START Source records

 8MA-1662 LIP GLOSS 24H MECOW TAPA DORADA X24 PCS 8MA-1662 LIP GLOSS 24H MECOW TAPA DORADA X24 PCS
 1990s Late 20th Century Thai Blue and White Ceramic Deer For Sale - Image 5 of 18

END Source records
START Source records

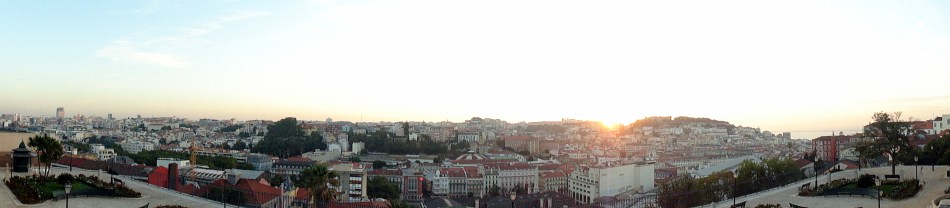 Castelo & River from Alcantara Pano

END Source records

• _Your assignment_
Copy, exactly and only, the lines above that begin with the one containing "8MA-1662 LIP GLOSS 24H MECOW TAPA DORADA X24 PCS 8MA-1662" and finish with the one containing "1990s Late 20th".

• _Written solution_
 8MA-1662 LIP GLOSS 24H MECOW TAPA DORADA X24 PCS 8MA-1662 LIP GLOSS 24H MECOW TAPA DORADA X24 PCS
 1990s Late 20th Century Thai Blue and White Ceramic Deer For Sale - Image 5 of 18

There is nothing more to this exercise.